Did your friend get a dog related to the mother of this litter, or are the dogs unrelated? Just looking at k9 data which is not necessarily updated, neither parent has a within one year eye clearance. On the mother's maternal side very few hip clearances... If you want to see if there are more recent eye clearances, you can look on www.offa.org or CERF, or ask the breeder. The mother, also has very few dogs with any kind of titles in her pedigree. So my question to the breeder would be why are you breeding these dogs?


----------



## Sally's Mom (Sep 20, 2010)

In layman's terms, the father has OFA Good hips, OFA clear elbows, CERF eye clearance from 2009, and a practitioner cardiac clearance. The mom is OFA good hips, OFA clear elbows, CERF eye clearance from 2009, and a practitioner cardiac clearance. CGC= Canine Good Citizen, TDI= therapy dog international. In my opinion, the father's bloodlines are far superior to the mother's.

And my pet peeve is practitioner cardiac clearances... I am a GP veterinarian as is my husband. I still take my dogs to the cardiologist for heart clearances. I am a member of the GRCA and that is one of their recommendations.


----------



## JMRK (Mar 9, 2011)

smartblondes.biz would you be willing to check it out and give me an honest opinion? Our friends dog has the same father but different mother. We really liked the red of the mother that is why we chose this litter.

Thanks


----------



## jwemt81 (Aug 20, 2008)

JMRK said:


> smartblondes.biz would you be willing to check it out and give me an honest opinion? Our friends dog has the same father but different mother. We really liked the red of the mother that is why we chose this litter.
> 
> Thanks


Please, please don't choose a breeder/litter strictly based on color. It's totally fine to have a color preference, but there are so many significantly more important factors. I agree that the father has a much better blood line than the mother, but both parents CERF (eye) clearances are outdated. The CERF clearance needs to be renewed once a year and their last CERF exams were in 2009. I also looked at their web site and I am very much turned off by the fact that they are having multiple litters at once. I'm not so sure I personally would go with this breeder.....


----------



## Svan (Mar 2, 2011)

Hi,

I would give this breeder a definite miss. There is only one reason to breed & that's to improve the breed. Anyone breeding for a different reason is a puppy mill. 

There are only two reasons why this "breeder" would give you an eye certificate from 2009;
A) they don't know anything about the breed & should therefore not be breeding
B) they know people who don't know much about buying a pup might have heard somewhere that eyes need to be tested, but won't know this is an annual requirement. In this case the breeder is dodgy as well as having no business breeding. 

Anyone who is serious about breeding knows a 2009 eye certificate isn't worth the paper it's printed on unless accompanied by a 2010 and 2011 certificate. 

What you need to do is look at that beautiful dog and ask yourself how sick you are going to feel if you buy a pup, love a pup & then it ends up in years of pain or it might need to be put down years ahead of it's natural lifespan. Could you do that to your family or the dog? 

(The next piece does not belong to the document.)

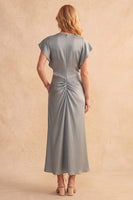 Load image into Gallery viewer, Dusty Blue Round Neck Sheath Satin Long Wedding Guest Dress with Keyhole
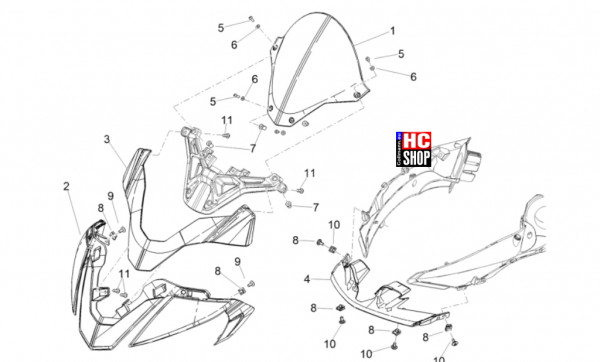 Aprilia Tuono V4 Factory 1100 E5 SE 09 SBK - Aufbau - Verkleidung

Go find a reputable breeder who breeds the colour you like or be more flexible about the colouring - you are buying a real live living creature who deserves the best possible start in life. 

I hope you give this "breeder" a miss. The dogs might be lovely but I personally wouldn't risk it.


----------



## jackie_hubert (Jun 2, 2010)

Here's how to look at a pedigree:

For each dog in the pedigree you want to see that they have Hip, Eye (CERF), Elbow and Cardiac clearances and that they were done by the right type of professional (ie. cardiologist for cardiac, not just a regular practioner). All of them are done only once, except eye which is done every year. These clearances are primarily listed in 2 online databases that you have access to, one is k9data.com and the other is OFFA.org. Some breeders prefer not to submit their test results to either so you may have to ask for paper copies.

Here is how to read the clearances: http://www.goldenretrieverforum.com...er-puppy/71378-what-clearances-look-like.html

A breeder should be able to provide at least 3 generations worth of clearance records. 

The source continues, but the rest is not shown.